Responsive design is a hot topic in the world of web-design, and with good reason no one wants to open a website on their smartphone and scroll horizontally back and forth and vertically to read page’s content or to find the navigation buttons to go to the next page, and the responsive design trend is taking off in the world of eLearning Design as well.
The new responsive design tools and work flows are exciting for elearning authors and many new comers (and some veterans) to the field can see no reason why anyone would consider, much less build, a non-responsive design but there are many instances where a non-responsive design is not only a valid option but the correct choice.
The planned implementation of the course will often determine whether or not the content should to be a non-responsive design. In some instances a client may intend to use the course in a controlled environment such as a computer lab in a prison system. In an instance such as this where there is no consideration for mobile then a non-responsive design is acceptable or even appropriate. Secure or controlled environments aren’t the only instances where a non-responsive design is useful though.

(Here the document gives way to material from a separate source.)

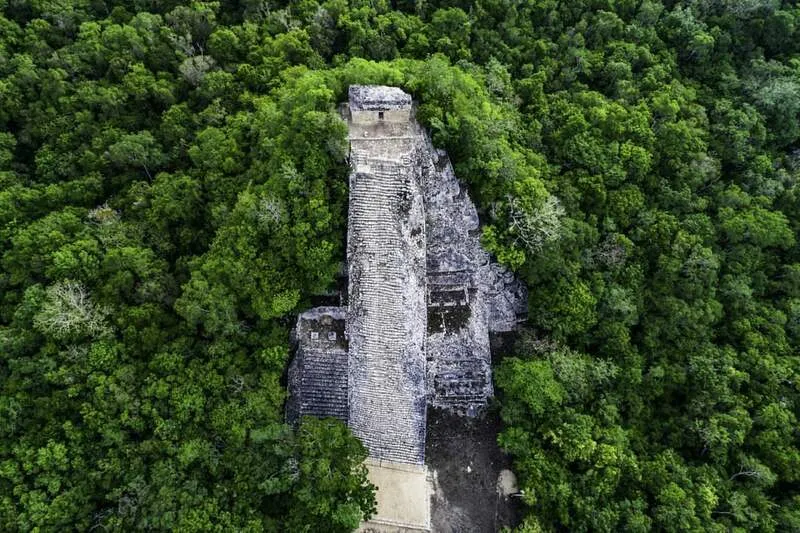 Coba pyramid in the
jungle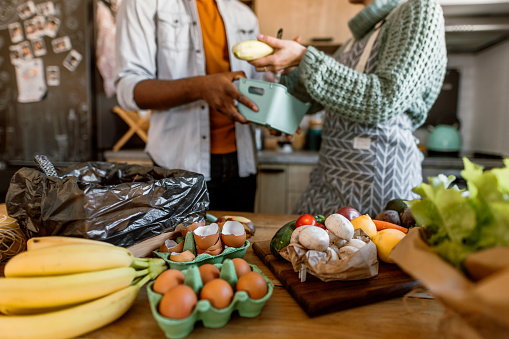 Friends preparing healthy vegetarian food. Peeling vegetables and putting organic waste in compost bin.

Because Adobe Captivate allows publishing as scalable HTML5 you will sometimes find this a better choice that a true responsive design using breakpoints or fluid boxes. If you author enough content for enough clients you will eventually encounter content that, by its very nature, only works well in a horizontal format whether it’s viewed on a 24-inch monitor or a 5-inch smart phone. In these instances a non-responsive design published as scalable html5 may be the perfect solution. The same approach can be applied to any content that will always be presented horizontally by the LMS regardless of the screen orientation on a mobile device.

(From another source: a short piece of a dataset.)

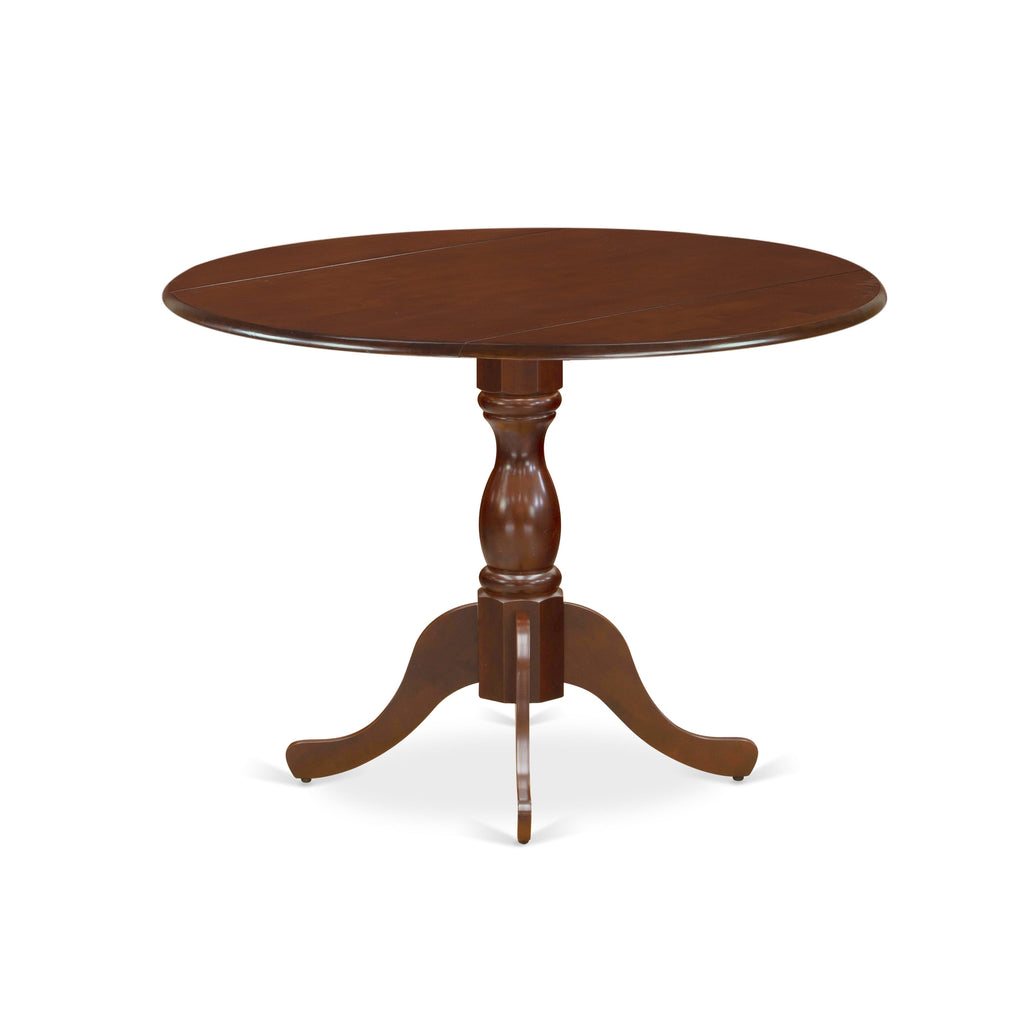 DMNF3-FUS-4 3-Piece Dropleaf Table & Linen Seats Set Featuring Round Design, 42x42, Mahogany Charm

If you find yourself authoring a course for use at a school you may find that the administrators and teachers want their students taking the course on computers or tablets but want to discourage the students from taking it on their smartphones. A non-responsive design published as scalable HTML5 is my approach here as well. While this won’t make it impossible the students to complete their course on a phone it will make it far easier to complete on a computer or tablet.

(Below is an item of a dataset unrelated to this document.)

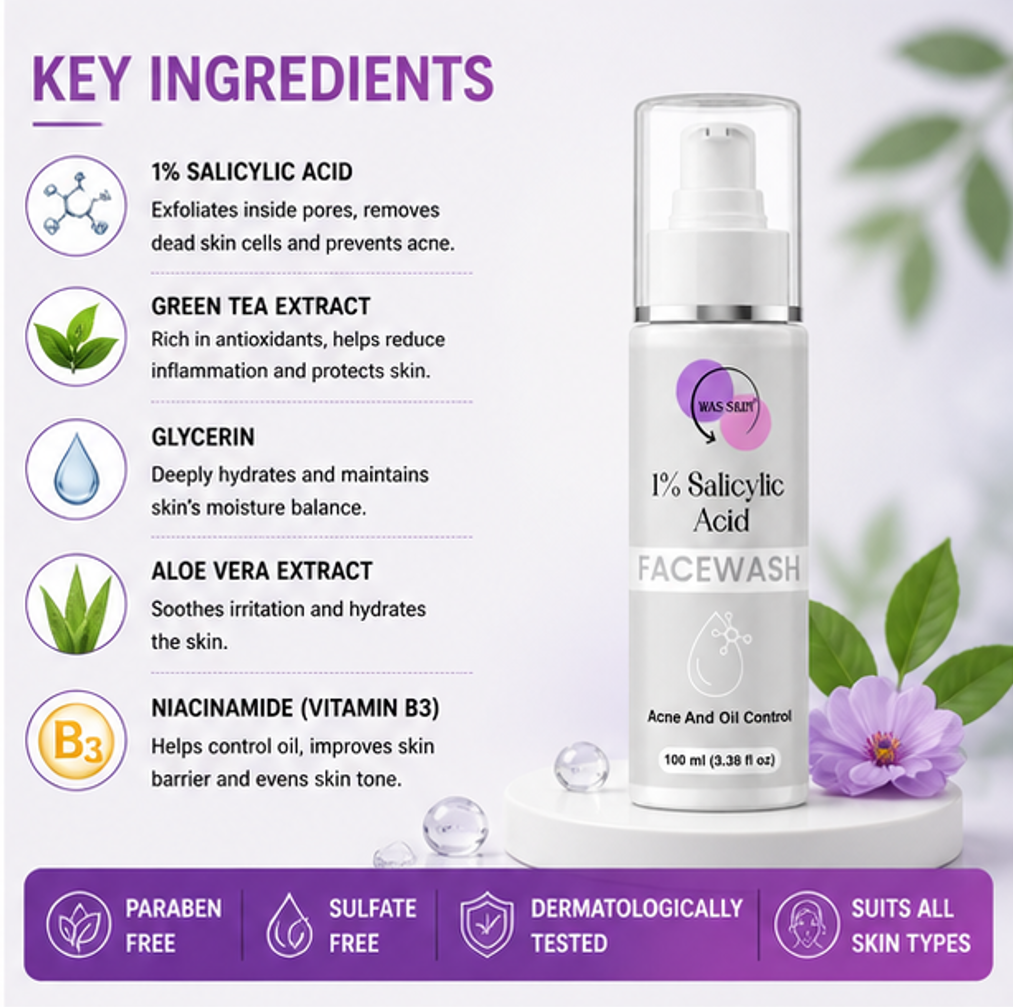 WAS SKIN® Skin Brightening Facewash, Glowing Hydration, 100 ml (1% Silacylic Acid Facewash)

Another thing to consider when deciding whether you want to build a responsive or non-responsive project is whether or not you intend to use Flash in the project. Most newer mobile devices don’t support Flash and using Flash in your project makes the responsive vs. non-responsive debate moot
In conclusion, the next time you are presented with a project don’t fall into the trap of assuming a responsive design is the correct one because it’s the “in” thing (and don’t assume non-responsive is correct either) without reviewing both the implementation and target audience of the course. Both responsive and non-responsive designs have advantages and neither is right for every project.